Member of the House of Representatives for Ako Bicol
- In office June 30, 2010 – June 30, 2019 Serving with Rodel Batocabe (2010–2018) Alfredo Garbin (2010–2013, 2016–2019) Ronald S. Ang (2018–2019)

Personal details
- Born: Christopher Salcedo Co May 3, 1967 (age 59)
- Party: Lakas (2024–present) Ako Bicol (partylist; 2010–present)
- Spouse: Lingling Altavano
- Relations: Zaldy Co (brother)
- Children: Claudine Co; Natasha Co;
- Occupation: Politician
- Profession: Businessman
- Known for: CEO and founder of Hi-Tone Construction

= Christopher Co =

Filipino politician and businessman (born 1967)

Christopher "Kito" Salcedo Co (born May 3, 1967) is a Filipino businessman and politician who served as representative for Ako Bicol Partylist in the House of Representatives of the Philippines.

==Early life==
Christopher "Kito" Salcedo Co was born on May 3, 1967.

== Business career ==
Christopher Co along with his brother Zaldy founded the Sunwest Construction and Development Corporation (SCDC) in 1997. The business which later renamed as Sunwest Inc., diversified and became involved in the real estate, energy, and tourism industries.

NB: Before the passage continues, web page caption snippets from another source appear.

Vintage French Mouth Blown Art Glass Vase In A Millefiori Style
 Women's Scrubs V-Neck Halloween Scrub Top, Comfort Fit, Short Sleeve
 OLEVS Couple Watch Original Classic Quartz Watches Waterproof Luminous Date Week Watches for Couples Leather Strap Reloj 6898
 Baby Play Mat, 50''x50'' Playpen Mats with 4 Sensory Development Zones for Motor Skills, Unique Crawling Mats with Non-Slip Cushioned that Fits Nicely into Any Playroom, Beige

Christopher Co founded Hi-Tone Construction, a contractor which builds flood control and road projects for the Department of Public Works and Highways. Both Sunwest and Hi-Tone have been subject to scrutiny in the 2025 flood control projects controversy. Additionally, Hi-Tone handled the rehabilitation project of Peñaranda Park in Legazpi, Albay. The roofing of then-unfinished stage of the project collapsed on August 30, 2025 amid heavy rains, injuring six people who sought shelter there. The contractor subsequently responded they had given financial assistance to five of the victims, and claimed they were supposed to "reinspect" the project a week before the incident.

==Political career==
Ako Bicol won three seats at the 2010 elections. Among those who filled the seats was Christopher Co.

In 2019, his brother Zaldy Co has replaced his place in Ako Bicol.

Christopher Co ran in the 2025 elections and vied for the seat of Albay's 2nd district. He promised to focus on agriculture, employment, education as well as the rehabilitation of the Albay Electric Cooperative and solving traffic and water supply problems in the province. He lost to Carlos Loria.

In February 2025, Kontra Daya stated that Ako Bicol was among the 86 out of 155 paty-list groups running in the elections that do not represent the poor or the marginalized, pointing out Ako Bicol's links to big businesses. The Co family has also been described as a political dynasty that includes Christopher Co, Zaldy Co, Diday Co, and Natasha Co. The family runs quarrying operations in Albay, which the Catholic Diocese of Legazpi blames for the destruction of mountains and the 2024 floods during typhoons Kristine and Pepito.

==Personal life==
Christopher Co's daughter Claudine was an influencer. Claudine Co deactivated her social media accounts after her lavish lifestyle came to wider public attention amid the 2025 flood control project controversy. His other daughter, Natasha, served in the House of Representatives from 2019 to 2025 as the representative of BHW Party-list.